`oasislmf.utils.data`¶

Module Contents¶

Functions¶

`factorize_array`(arr[, sort_opt])	Groups a 1D Numpy array by item value, and optionally enumerates the
`factorize_ndarray`(ndarr[, row_idxs, col_idxs, sort_opt])	Groups an n-D Numpy array by item value, and optionally enumerates the
`factorize_dataframe`(df[, by_row_labels, ...])	Groups a selection of rows or columns of a Pandas DataFrame array by value,
`fast_zip_arrays`(*arrays)	Speedy zip of a sequence or ordered iterable of Numpy arrays (Python
`fast_zip_dataframe_columns`(df, cols)	Speedy zip of a sequence or ordered iterable of Pandas DataFrame columns
`detect_encoding`(filepath)	Given a path to a CSV of unknown encoding
`get_dataframe`([src_fp, src_type, src_buf, src_data, ...])	Loads a Pandas dataframe from a source CSV or JSON file, or a text buffer
`get_dtypes_and_required_cols`(get_dtypes[, all_dtypes])	Get OED column data types and required column names from JSON.
`get_ids`(df, usecols[, group_by, sort_keys])	Enumerates (counts) the rows of a given dataframe in a given subset
`get_json`(src_fp)	Loads JSON from file.
`get_timestamp`([thedate, fmt])	Get a timestamp string from a `datetime.datetime` object
`get_utctimestamp`([thedate, fmt])	Get a UTC timestamp string from a `datetime.datetime` object
`merge_check`(left, right[, on, raise_error])	Check two dataframes for keys intersection, use before performing a merge
`merge_dataframes`(left, right[, join_on])	Merges two dataframes by ensuring there is no duplication of columns.
`prepare_location_df`(location_df)
`prepare_account_df`(accounts_df)
`prepare_reinsurance_df`(ri_info, ri_scope)
`get_exposure_data`(computation_step[, add_internal_col])
`print_dataframe`(df[, cols, string_cols, show_index, ...])	A method to pretty-print a Pandas dataframe - calls on the `tabulate`
`set_dataframe_column_dtypes`(df, dtypes)	A method to set column datatypes for a Pandas dataframe
`validate_vuln_csv_contents`(file_path)	Validate the contents of the CSV file for vulnerability replacements.
`validate_vulnerability_replacements`(analysis_settings_json)	Validate vulnerability replacements in analysis settings file.
`fill_na_with_categoricals`(df, fill_value)	Fill NA values in a Pandas DataFrame, with handling for Categorical dtype columns.

Attributes¶

`PANDAS_BASIC_DTYPES`
`PANDAS_DEFAULT_NULL_VALUES`
`RI_INFO_DEFAULTS`
`RI_SCOPE_DEFAULTS`

oasislmf.utils.data.PANDAS_BASIC_DTYPES[source]¶

oasislmf.utils.data.PANDAS_DEFAULT_NULL_VALUES[source]¶

oasislmf.utils.data.RI_INFO_DEFAULTS[source]¶

oasislmf.utils.data.RI_SCOPE_DEFAULTS[source]¶

oasislmf.utils.data.factorize_array(arr, sort_opt=False)[source]¶

Groups a 1D Numpy array by item value, and optionally enumerates the groups, starting from 1. The default or assumed type is a Nunpy array, although a Python list, tuple or Pandas series will work too.

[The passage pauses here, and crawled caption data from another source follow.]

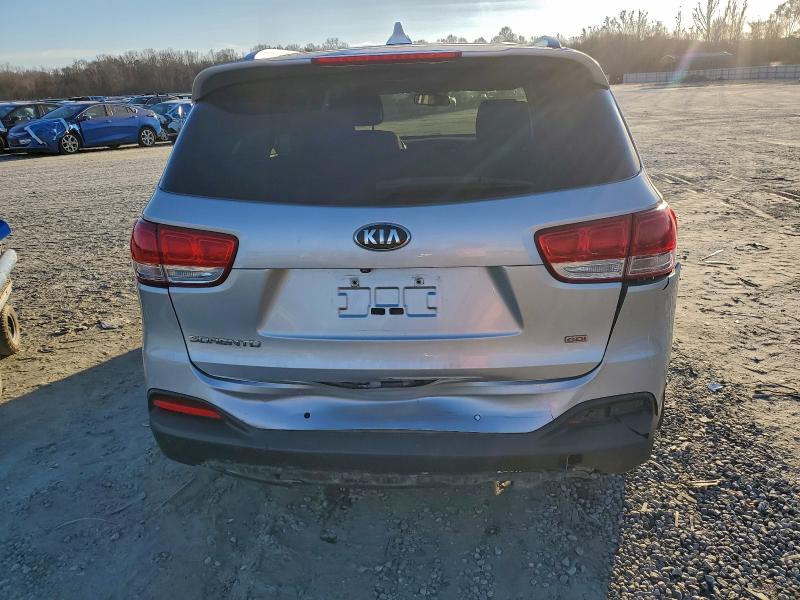 Photo 6 from auction – 2016 KIA SORENTO LX with VIN 5XYPG4A37GG033947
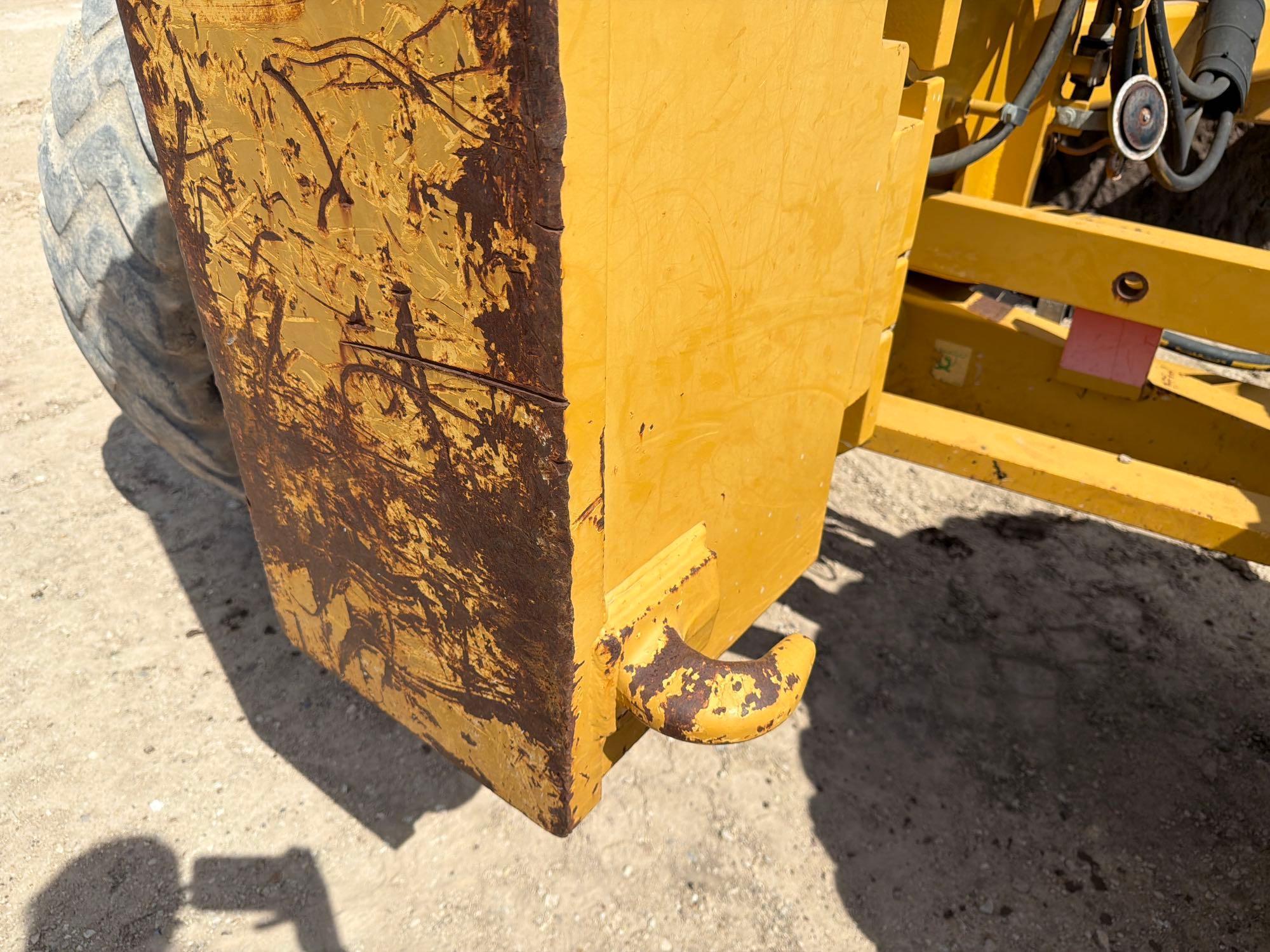 2011 Caterpillar 140M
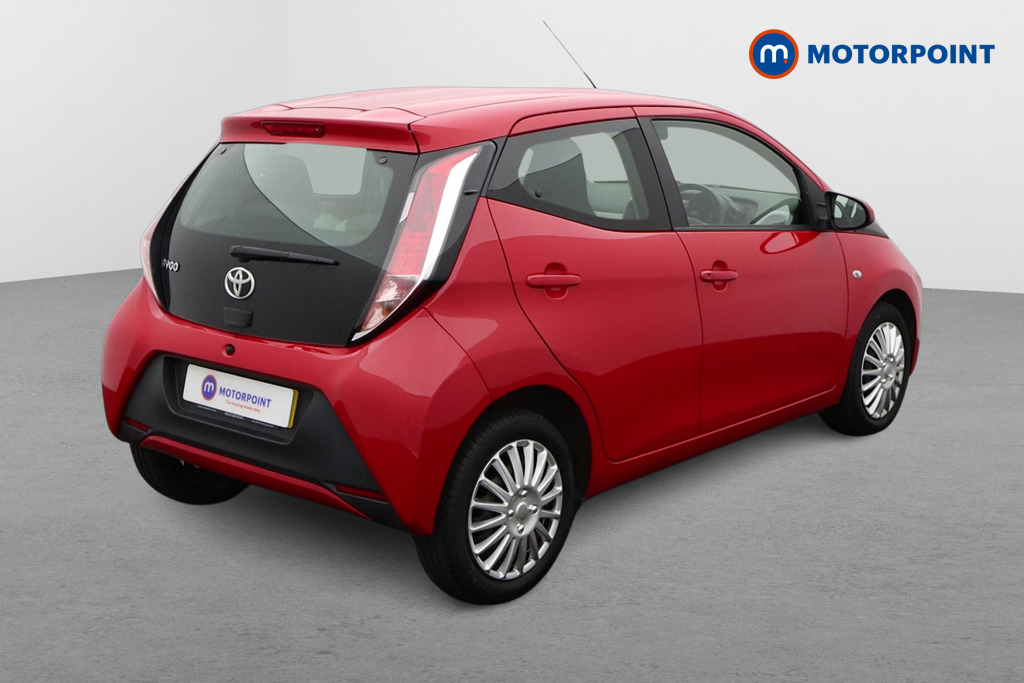 Toyota Aygo X-Play Manual Petrol Hatchback - Stock Number (1603566) - Drivers side rear corner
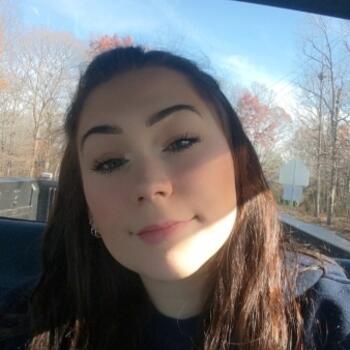 Babysitter in Manassas: Kayla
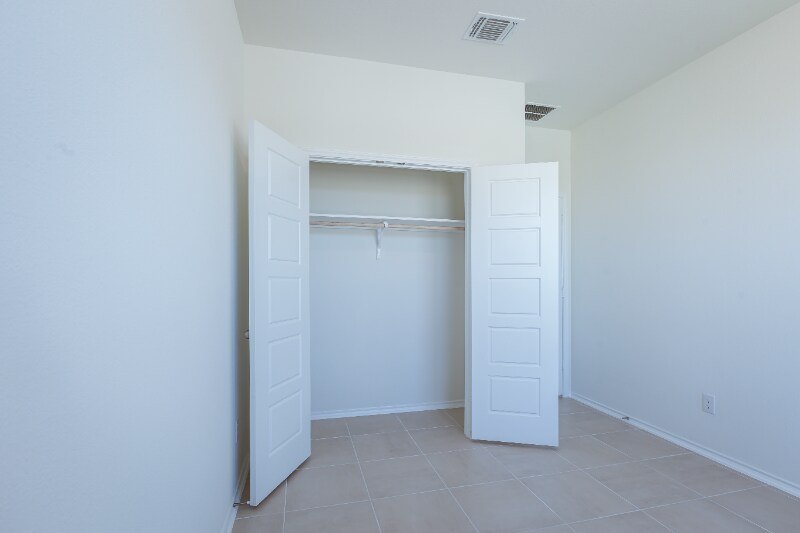 Building Photo - 1400 Carriageway Dr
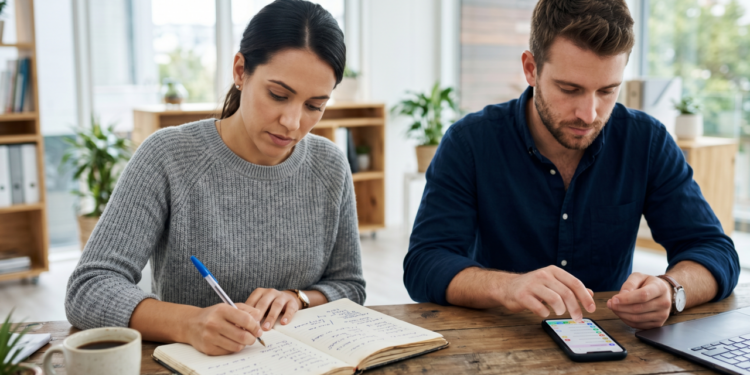 Pesquisas sugerem que pessoas que escrevem manualmente listas e pessoas que usam aplicativos de telefone processam o dia inteiro de forma diferente. Os escritores da lista de papel tendem a planejar a partir de pistas internas, enquanto os usuários do aplicativo dependem cada vez mais de avisos externos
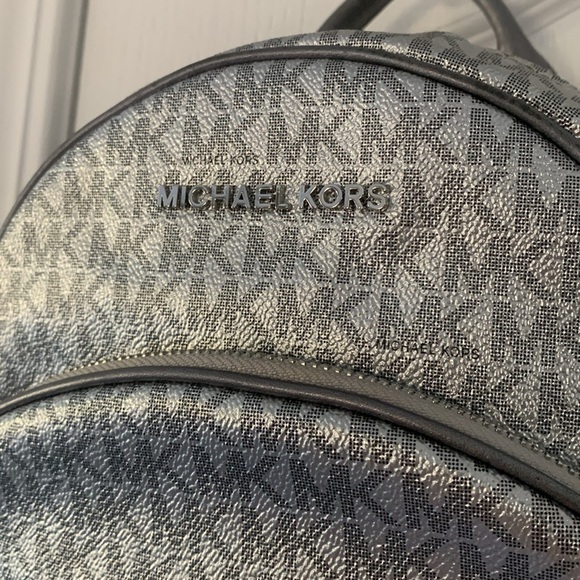 Michael Kors Silver shimmer Monogram Backpack shiny zipper leather compartments‎ Michael Kors Jaycee MD Zip Pocket Jacquard Backpack Bag  main image 4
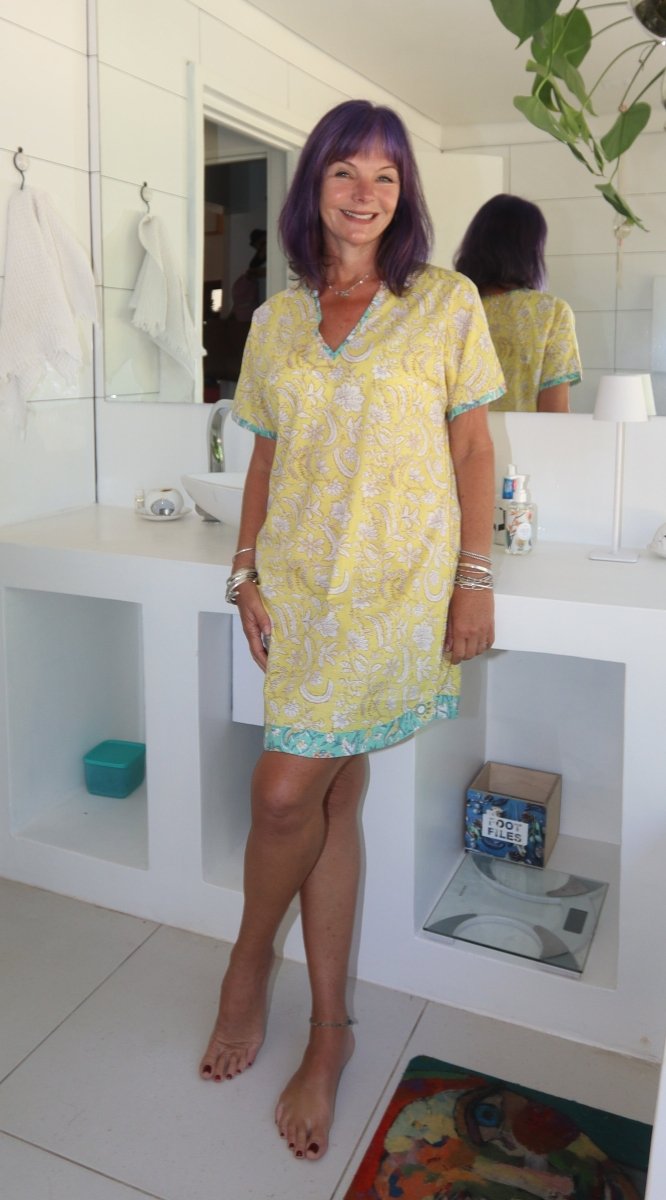 Short Diva - Dreamy/Happy Yellow (V Neck) - Gawjus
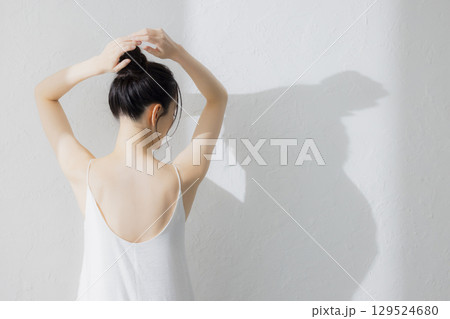 ストレッチをする女性 ストレッチをする女性 129524680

Parameters:: arr (numpy.ndarray) – 1D Numpy array (or list, tuple, or Pandas series)
Returns:: A 2-tuple consisting of the enumeration and the value groups
Return type:: tuple

oasislmf.utils.data.factorize_ndarray(ndarr, row_idxs=[], col_idxs=[], sort_opt=False)[source]¶

Groups an n-D Numpy array by item value, and optionally enumerates the groups, starting from 1. The default or assumed type is a Nunpy array, although a Python list, tuple or Pandas series will work too.

Parameters:

ndarr (numpy.ndarray) – n-D Numpy array (or appropriate Python structure or Pandas dataframe)
row_idxs (list) – A list of row indices to use for factorization (optional)
col_idxs (list) – A list of column indices to use for factorization (optional)

Returns:

A 2-tuple consisting of the enumeration and the value groups

Return type:

tuple

oasislmf.utils.data.factorize_dataframe(df, by_row_labels=None, by_row_indices=None, by_col_labels=None, by_col_indices=None)[source]¶

Groups a selection of rows or columns of a Pandas DataFrame array by value, and optionally enumerates the groups, starting from 1.

Parameters:

df – Pandas DataFrame
by_row_labels (list, tuple) – A list or tuple of row labels
by_row_indices (list, tuple) – A list or tuple of row indices
by_col_labels (list, tuple) – A list or tuple of column labels
by_col_indices (list, tuple) – A list or tuple of column indices

Type:

pandas.DataFrame

Returns:

A 2-tuple consisting of the enumeration and the value groups

Return type:

tuple

oasislmf.utils.data.fast_zip_arrays(*arrays)[source]¶

Speedy zip of a sequence or ordered iterable of Numpy arrays (Python iterables with ordered elements such as lists and tuples, or iterators or generators of these, will also work).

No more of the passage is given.